Hello, Dice Tower viewers, and welcome to part four of this increasingly misnumbered two-part series on running a gaming group. Today’s topic: save my spot!
If I may be so bold, I’d like to offer my take on a question that was featured on episode #348 of the Dice Tower audio podcast
. The question comes from listener Rob. Rob runs a gaming group, but when members fail to show up or are late, it can prevent his entire group from playing. So he asks: should you require people to RSVP, and how can you prevent late members from delaying the event?
I got excited when this question came up because and I’ve experienced this very same thing. Here’s something I’ve done to encourage RSVPing and punctuality.
First off, especially when your game group is starting out, I believe RSVPing is crucial, because:
One: It helps you pick games that will fit your expected number of players. If people don’t RSVP, it’s easy to end up with too many people for a small game, but not enough for a larger game.
Two: It helps show others that people are attending, which can help persuade new members to join. As they say, “success breeds success”.

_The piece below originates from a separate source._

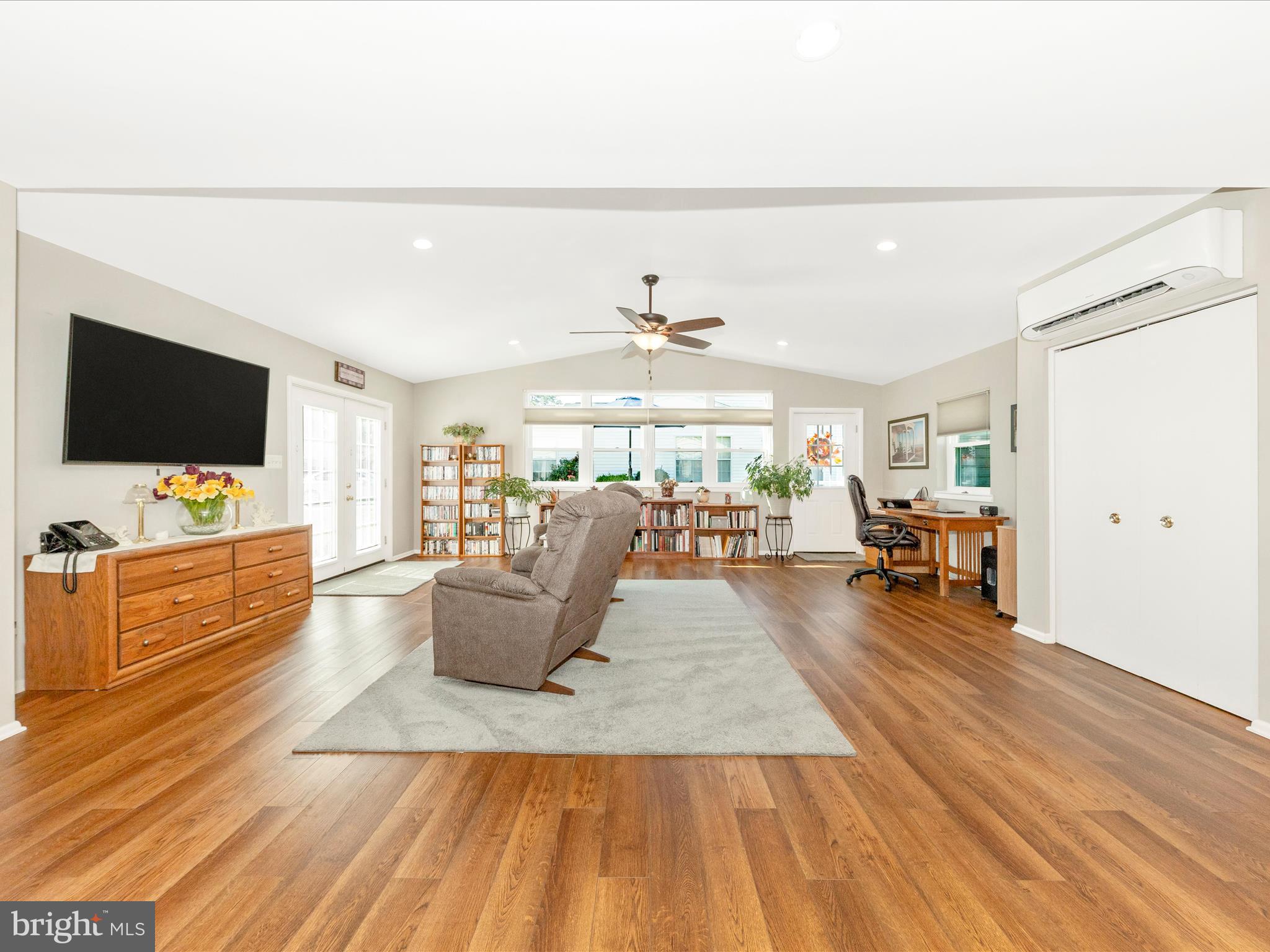 5816 BOX ELDER COURT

I use meetup.com to post my group’s events and track who signs up. A technique I’ve used to prevent latecomers from delaying our games is to include, in the meetup posting, the number of seats that are available in the primary game we’ll be playing, plus a waiting list. As people RSVP, I update the posting to add them to the appropriate list. That way, people can “lock in” their seat for the game, or see their position on their waitlist. When game day arrives, if someone who has reserved a seat is late, they forfeit it to the next person in line on the waitlist.
This system won’t necessarily prevent people from being late, because, let’s face it, life happens, but, it helps everyone know “the plan”. And knowing how no-shows will be handled will help everyone start on time, because they can focus on having fun.